这天上午,新型建筑装饰材料厂办公室内,白舒娜正坐在桌前急匆匆地翻看着一沓沓账目和报表。她从早上一来就一路小跑,往来于办公室和库房之间。眼下,美国劳伦斯公司在产品销路上出现了毛病,原来的订单到了发货时间,却迟迟不让产品起运。偌大的库房里,材料堆积如山,已经装上集装箱的产品充塞在仓库门口,成品车间的电话几乎打爆了,催命似的告急。白舒娜好不容易要通了理查德秘书的电话,对方声音里带着傲慢,要龙海董事长直接通电话,说完就挂了线。

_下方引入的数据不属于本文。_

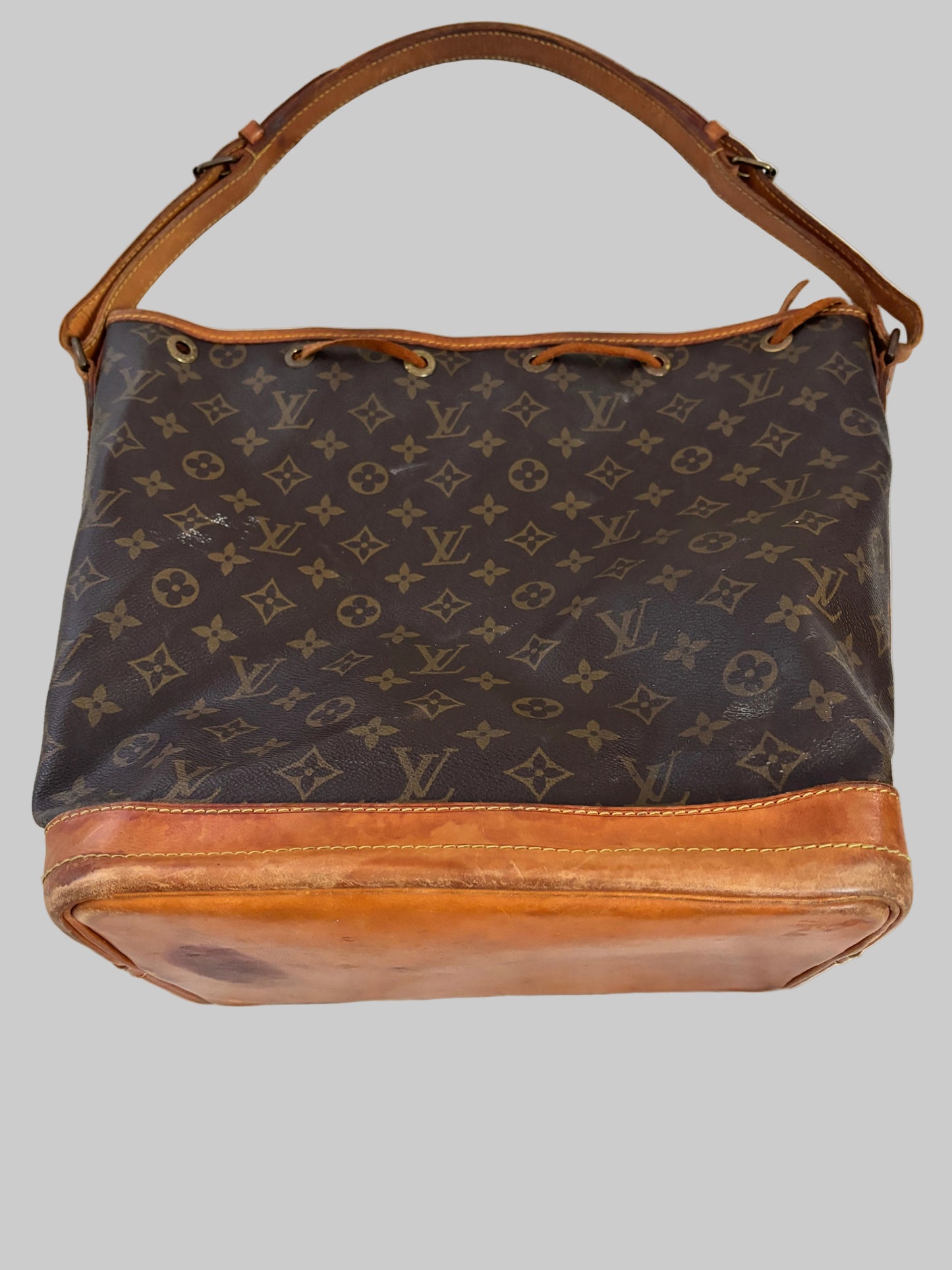 Vintage 1999 Louis Vuitton Monogram Noé Bucket Bag (M42224)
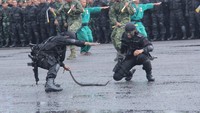 Para prajurit juga sempat mendemonstrasikan berbagai kemampuan di depan Marsekal Hadi, termasuk bela diri. Pada kesempatan ini, Pasukan Taipur (Intai dan Tempur) Kostrad mencuri perhatian dengan pakaian mereka yang serbahitam. (Foto: Dok. Pendivif 1 Kostrad)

龙海的办公室和白舒娜这里仅一墙之隔,这里又与其他办公职员用一道铁栅栏隔开,成为封闭的单元。白舒娜明白龙海的用意,她处处心存戒备,没让龙海占得半点便宜。此时,她欲敲龙海房门,却发现门是虚掩的,推门进去,听见套间有窸窸窣窣的声响,她刚要打声招呼,就听见室内有女人隐隐说话的声音。她急忙捂住了自己的嘴巴,正要退出,却发现老板桌后边的铁皮保险柜半开着。她迅速脱下高跟鞋,几步走到保险柜前,无声地打开柜子,只见在中间格子里放着半幅图谱。她抽出一看,不禁大吃一惊。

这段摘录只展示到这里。